Why did they update everything all at once?

afavour · 2024-07-19T20:31:45 1721421105

I assume Crowdstrike is software you usually want to update quickly, given it is (ironically) designed to counter threats to your system.

Very easy for us to second guess today of course. But in another scenario a manager is being torn a new one because they fell victim to a ransomware attack via a zero day systems were left vulnerable to because Crowdstrike wasn’t updated in a timely manner.

SoftTalker · 2024-07-20T04:12:59 1721448779

Maybe, if there's a new zero-day major exploit that is spreading like wildfire. That's not the normal case. Most successful exploits and ransom attacks are using old vulnerabilites against unpatched and unprotected systems.

Mostly, if you are reasonably timely about keeping updates applied, you're fine.

afavour · 2024-07-20T14:45:07 1721486707

> Maybe, if there's a new zero-day major exploit that is spreading like wildfire. That's not the normal case.

Sure. And Crowstrike releasing an update that bricks machines is also not the normal case. We're debating between two edges cases here, the answers aren’t simple. A zero day spreading like wildfire is not normal but if it were to happen it could be just as, if not more, destructive than what we’re seeing with Crowdstrike.

johncessna · 2024-07-19T20:53:04 1721422384

In the context of the GP where they were actively treating a heart attack, the act of restarting the computer (let alone it never come back) in of itself seems like an issue.

owl57 · 2024-07-19T23:12:24 1721430744

I believe this update didn't restart the computer, just loaded some new data into kernel. Which didn't crash anything the previous 1000 times. A successful background update could hurt performance, but probably machines where that's considered a problem just don't run a general-purpose multitasking OS?

anonymous8888 · 2024-07-19T20:33:29 1721421209

tfw you need to start staggering your virus updates in case your anti-virus software screws you over instead

nikau · 2024-07-20T02:42:33 1721443353

Maybe those old boomer IT people were on to something by using different Citrix clusters and firewalling off the ones that run essential software...

jmcgough · 2024-07-19T23:49:10 1721432950

Crowdstrike pushed a configuration change that was a malformed file, which was picked up by every computer running a the agent (millions of computers across the globe). It's not like hospitals and IT systems are manually running this update and can roll it back.

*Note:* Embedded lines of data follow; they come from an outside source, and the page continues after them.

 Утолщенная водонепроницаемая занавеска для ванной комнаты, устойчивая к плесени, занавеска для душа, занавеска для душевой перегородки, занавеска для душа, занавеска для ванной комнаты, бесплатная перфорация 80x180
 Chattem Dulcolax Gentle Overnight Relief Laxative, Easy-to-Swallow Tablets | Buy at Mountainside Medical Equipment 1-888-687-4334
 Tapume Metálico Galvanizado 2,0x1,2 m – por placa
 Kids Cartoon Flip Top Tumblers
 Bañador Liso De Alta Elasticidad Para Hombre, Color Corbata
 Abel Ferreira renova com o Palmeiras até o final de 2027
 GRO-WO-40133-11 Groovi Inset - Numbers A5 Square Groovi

As to why they didn't catch this during tests or why they don't use perform gradual change rollouts to hosts, your guess is as good as mine. I hope we get a public postmortem for this.

jboy55 · 2024-07-20T00:24:46 1721435086

Considering Crowdstrike mentioned in their blog that systems that had their 'falcon sensor' installed weren't affected [1], and the update is falcon content, I'm not sure it was a malformed file, but just software that required this sensor to be installed. Perhaps their QA only checked if the update broke systems with this sensor installed, and didn't do a regression check on windows systems without it.

[1]https://www.crowdstrike.com/blog/statement-on-falcon-content...

vladvasiliu · 2024-07-20T01:48:23 1721440103

That’s not exactly what they’re saying.

It says that if a system isn’t “affected”, meaning it doesn’t reboot in a loop, then the “protection” works and nothing needs to be done. That’s because the Crowdstrike central systems, on which rely the agents running on the clients’ systems, are working well.

The “sensor” is what the clients actually install and run on their machines in order to “use Crowdstrike”.

The crash happened in a file named csagent.sys which on my machine was something like a week old.

adrianmonk · 2024-07-20T02:33:39 1721442819

I'm not familiar with their software, but I interpreted their wording to mean their bug can leave your system in one of two possible states:

(1) Entire system is crashed.

(2) System is running AND protected from security threats by Falcon Sensor.

And to mean that this is not a possible state:

(3) System is running but isn't protected by Falcon Sensor.

In other words, I interpreted it to mean that they're trying to reassure people they don't need to worry about crashes and hacks, just crashes.

lr1970 · 2024-07-19T22:05:16 1721426716

> Why did they update everything all at once?

This is beyond hospital IT control. Clownstrike (sorry, Crowdstrike) unconditionally force-updates the hosts.

cyanydeez · 2024-07-19T23:46:40 1721432800

Likely because staggered updates would harm their overall security services. I'm guessing these software offer telemetry that gets shared across their clientele, so that gets hampered if you have a thousand different software versions.

whydoyoucare · 2024-07-19T20:15:28 1721420128

My guess is this was an auto-update pushed out by whatever central management server they use. Given CS is supposed to protect your from malware, IT may have staged and pushed the update in one go.

Groxx · 2024-07-19T22:44:39 1721429079

Auto-updates are the only reason something like this gets so widespread so fast.